Not under federal law, but perhaps under a particular state’s law. Currently, all COVID-19 vaccines are being purchased by the federal government and provided to the public free of charge. That is expected to remain the case for the time being in light of the federal government’s purchase of enough vaccine for 300 million individuals. Yet even if this changes, and employees were to incur a charge to obtain a vaccine, federal law would not require employers to pay for mandated vaccinations (unless, potentially, if the cost of vaccination would cause the employee’s wages to drop below the federal minimum wage, as discussed below). However, some states’ laws may require that employers pay, or reimburse employees, for the cost of mandatory vaccinations. For example, California law requires that employers reimburse employees for all necessary and reasonable business expenses, which would likely apply to the cost of mandatory vaccinations.

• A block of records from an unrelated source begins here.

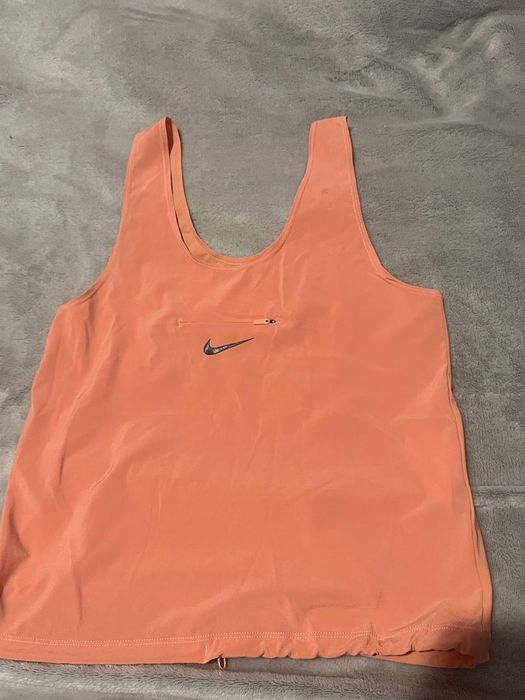 Рожевий топ найк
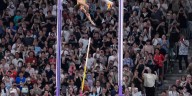 Duplantis gives Japanese fans what they came for — another world record in pole vault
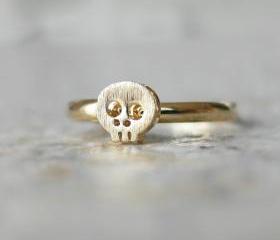 Skull ring, knuckle ring in gold, adjustable ring, everyday jewelry, delicate minimal jewelry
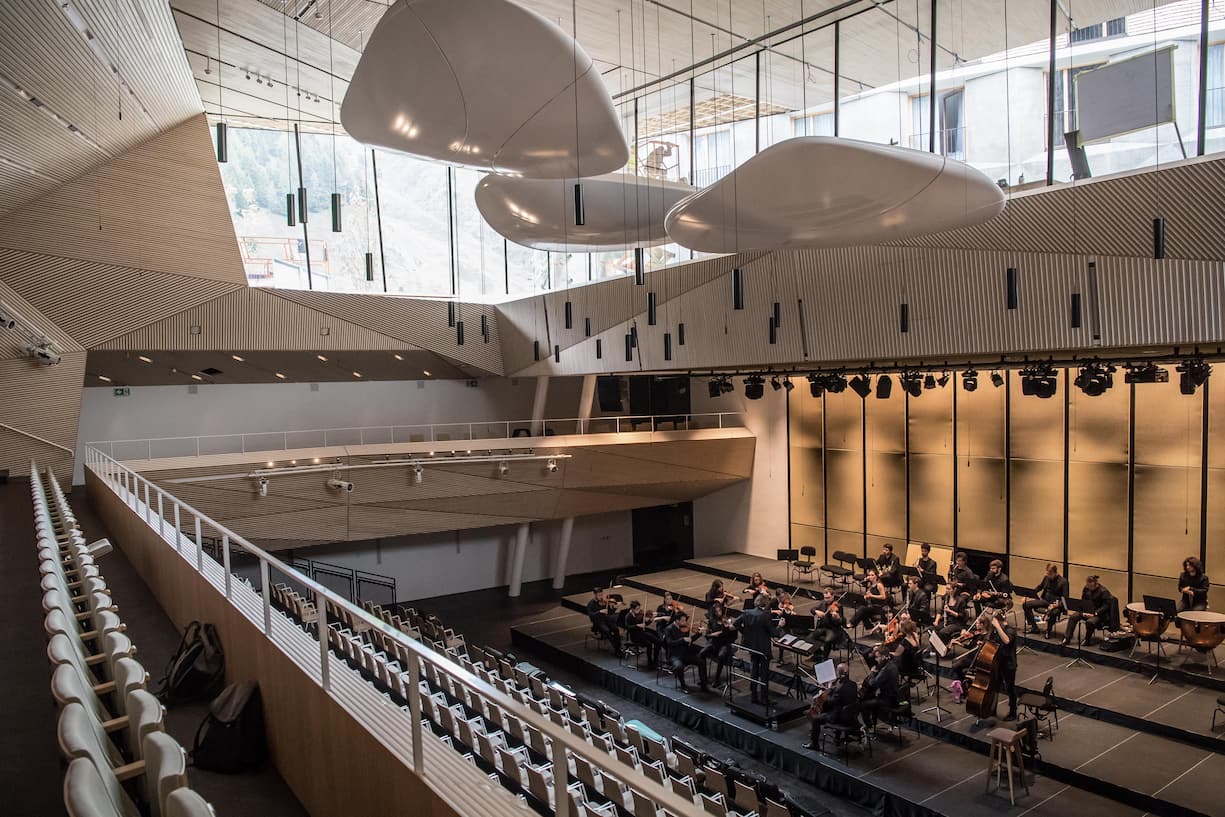 Im Konzertsaal des Hotels Radisson Blu in Andermatt wird die Akustik optimiert.Fotografiert am 7. Juni 2019 in AndermattNadia Schrli / Luzernerzeitung 
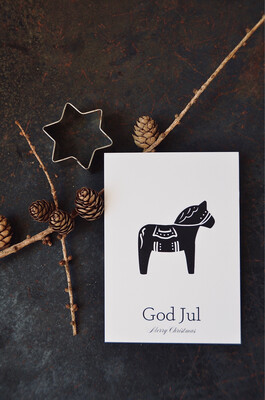 CaféLädchen Postkarte Weihnachten “God Jul” mit Dalapferd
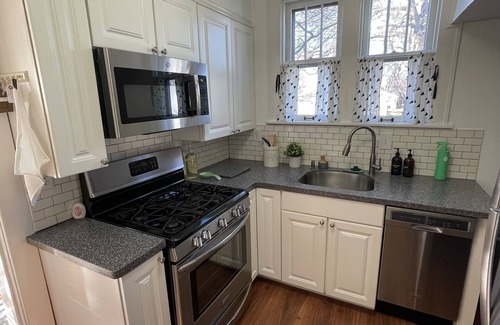 Quincy House | Inviting Cottage with Kitchen & Top Guest Rating of 9.6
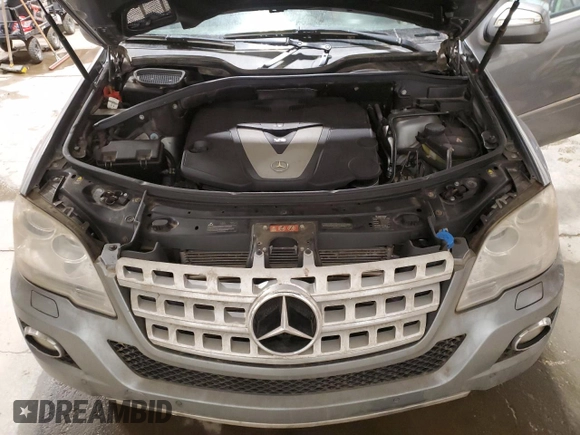 2010 Mercedes-Benz M 350 with VIN 4JGBB2FBXAA569999, listed as a Copart auction lot 84637134 with 254,712 mi miles and Clean Title. Bid and sale history available at DreamBid. Image 12.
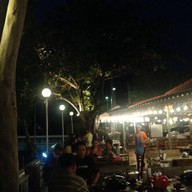 เฝอ เนินพระ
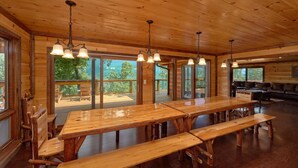 Ferienhaus | Essbereich im Zimmer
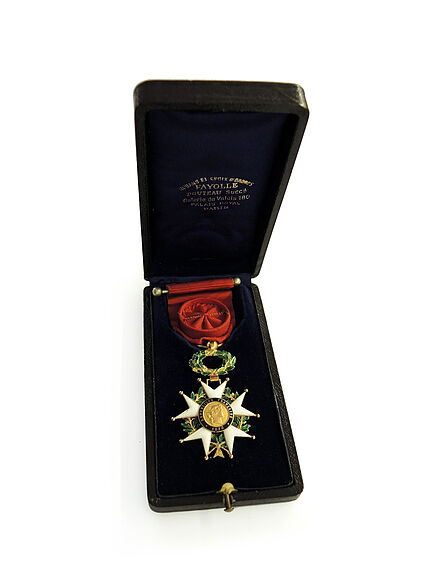 Insigne d'officier de la Légion d'honneur de Georges Thomann (promotion 3 juillet 1919), dans son écrin Fayolle Paris d'origine.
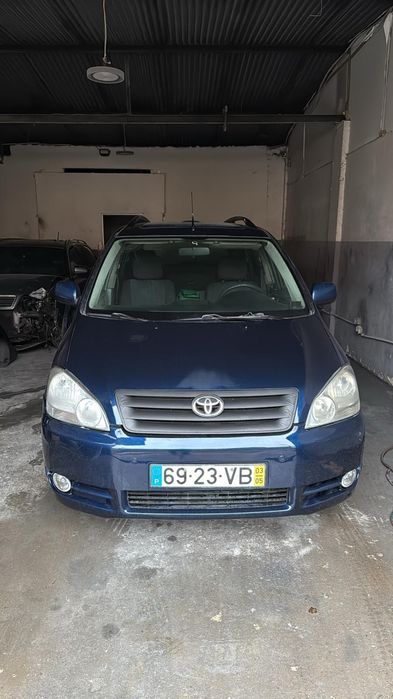 Toyota avensis 7 lugares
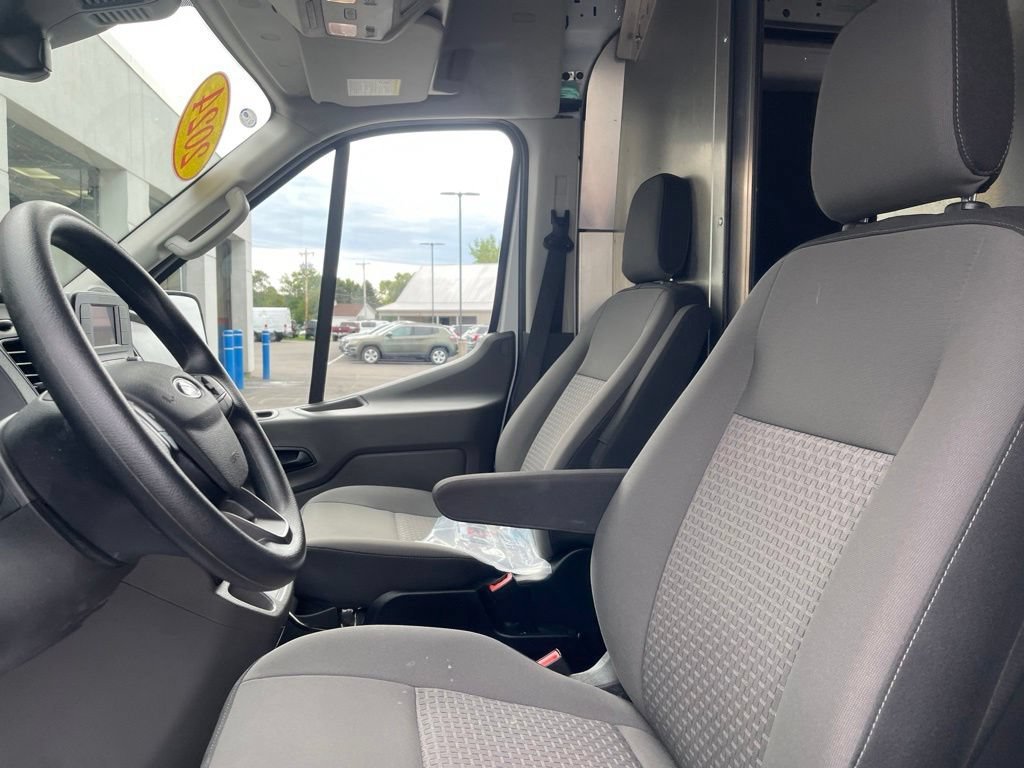 Used 2024  Ford  image 12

Are employees entitled to reimbursement for mileage or transportation costs incurred in getting vaccinated?

Generally, no. Under the Fair Labor Standards Act (FLSA), employers are not generally required to reimburse employees for business expenses. One exception is that an employer must reimburse nonexempt employees for the cost of “tools of the trade” provided by the employee “which will be used in or are specifically required for the performance of the employee’s particular work” if failure to do so would reduce pay below the minimum or overtime wages required by the statute.24For example, nonexempt delivery drivers may be entitled to reimbursement for vehicle expenses incurred in making deliveries, if their pay minus the vehicle expenses would otherwise fall below minimum wage. However, trips for vaccination would generally be isolated, infrequent events. Therefore, even if obtaining a mandatory vaccination were deemed to be a work task, isolated use by an employee of his or her personal vehicle in getting vaccinated likely would not make the vehicle a “tool of the trade” within the meaning of the regulations and, therefore, likely would not require reimbursement. Further, for employees earning significantly above minimum wage, it is unlikely that such trips for vaccination would cause their wages to drop below minimum wage in any event.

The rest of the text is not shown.